Does this explain better what I meant? 🙂

  • Like 2
Posted

@teppo  If I understand correctly, it sounds like you are primarily looking for a way to disable LazyCron from running during regular web requests?  And to be triggered from a real CRON job (via CLI command) or from some other condition, like the presence of a GET variable or something? We already have conditions in the module that prevent it from during during ajax requests, file requests, redirect requests, path hook requests, etc., so it'd be a simple matter to have an option to prevent it from running during web requests and instead delegate to CLI or similar. I'll go ahead and add this. Though let me know if I've misunderstood any part. 

  • Like 1
Posted (edited)

@ryan One suggestion:

What do you think about adding a file field to the engineer for asking questions with files?
For example: Create me a page with the contents of this Word file.

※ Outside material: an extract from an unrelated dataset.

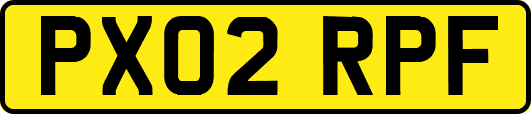 PX02RPF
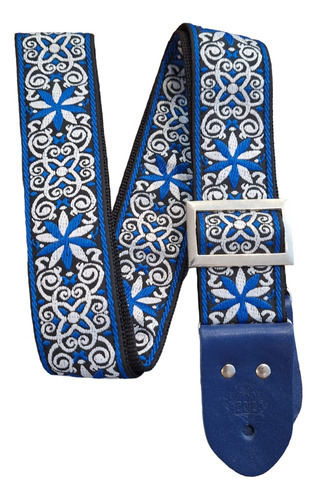 Correia Acid Straps Dresden Blue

Also it I noticed that questions that take longer will end in an internal server error because of the long execution time.
In this case one would better use the terminal, because I think there is no easy solution around this except for increasing the server time limits?

 

Very interesting development. I just created a homepage and a subpage on a fresh install without writing a single line of code. 😅

 

One issue Claude Sonnet 4.6 had was the concept of Markup Regions. It had problems with the main-tags and disabled Markup Regions in the end. 😄

But maybe it can understand Markup Regions better with a more precise prompt. I have no tested that yet.

Edited by AndZyk
  • Like 1
Posted

@ryan the AgentTools module looks really promising. Really interested to see how this develops.

I wanted to share that I tried it out today with a fresh Claude API token and the response was quite strange and weirdly formatted. (See screenshots). This was in a local dev environment using MAMP/localhost

Screenshot 2026-05-05 at 16.13.11.png

Screenshot 2026-05-05 at 16.13.21.png

Posted
On 5/2/2026 at 9:12 PM, ryan said:

@teppo  If I understand correctly, it sounds like you are primarily looking for a way to disable LazyCron from running during regular web requests?  And to be triggered from a real CRON job (via CLI command) or from some other condition, like the presence of a GET variable or something?

Sounds just about right to me, yes. At least for my use cases that would be a big leap forward; it would put me/us to control of when and where scheduled tasks run 🙂

I do like the database approach of WP cron because it gives me clear view of the landscape, so to speak, but honestly that may not be necessary at all. And perhaps something very similar can already be achieved.